The Poetry of A. E. Housman


Housman was born in Burton-On-Trent, England, in 1865, just as 
the US Civil War was ending. As a young child, he was disturbed by the 
news of slaughter from the former British colonies, and was affected 
deeply. This turned him into a brooding, introverted teenager and a 
misanthropic, pessimistic adult. This outlook on life shows clearly in 
his poetry. Housman believed that people were generally evil, and that 
life conspired against mankind. This is evident not only in his 
poetry, but also in his short stories. For example, his story, "The 
Child of Lancashire," published in 1893 in The London Gazette, is 
about an child who travels to London, where his parents die, and he 
becomes a street urchin.

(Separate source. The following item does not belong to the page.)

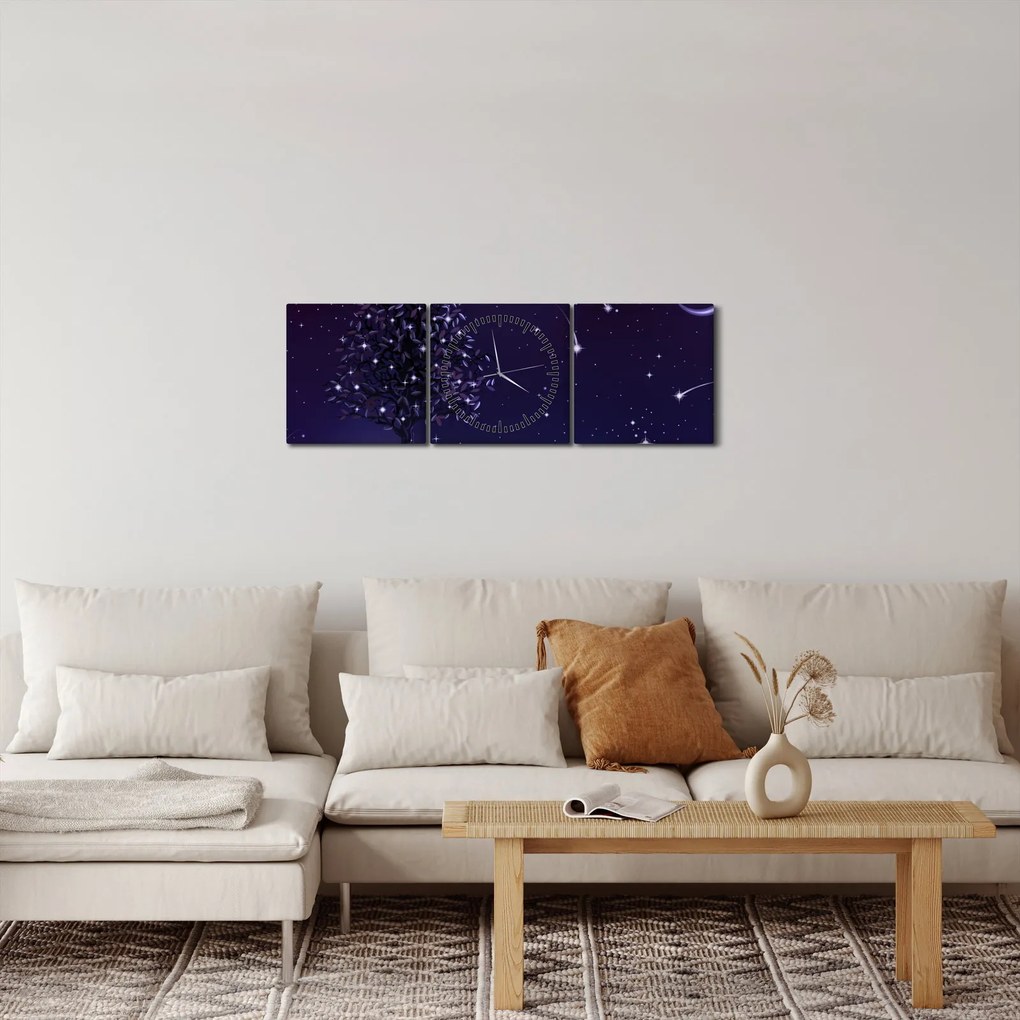 Obraz - Noc uchwycona przez ilustrację (z zegarem) (90x30 cm)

There are veiled implications that the child 
is a homosexual (as was Housman, most probably), and he becomes mixed 
up with a gang of similar youths, attacking affluent pedestrians and 
stealing their watches and gold coins. Eventually he leaves the gang 
and becomes wealthy, but is attacked by the same gang (who don't 
recognize him) and is thrown off London Bridge into the Thames, which 
is unfortunately frozen over, and is killed on the hard ice below. 
Housman's poetry is similarly pessimistic. In fully half the poems the 
speaker is dead. In others, he is about to die or wants to die, or his 
girlfriend is dead. Death is a really important stage of life to 
Housman; without death, Housman would probably not have been able to 
be a poet. (Housman, himself, died in 1937.) A few of his poems show
an uncharacteristic optimism and love of beauty, however. For example, 
in his poem "Trees," he begins:

"Loveliest of trees, the cherry now
Hung low with bloom along the bow
Stands about the woodland side
A virgin in white for Eastertide"

...and ends:

"Poems are made by fools like me
But only God can make a tree."

(This is a popular quotation, yet most people don't know its source!)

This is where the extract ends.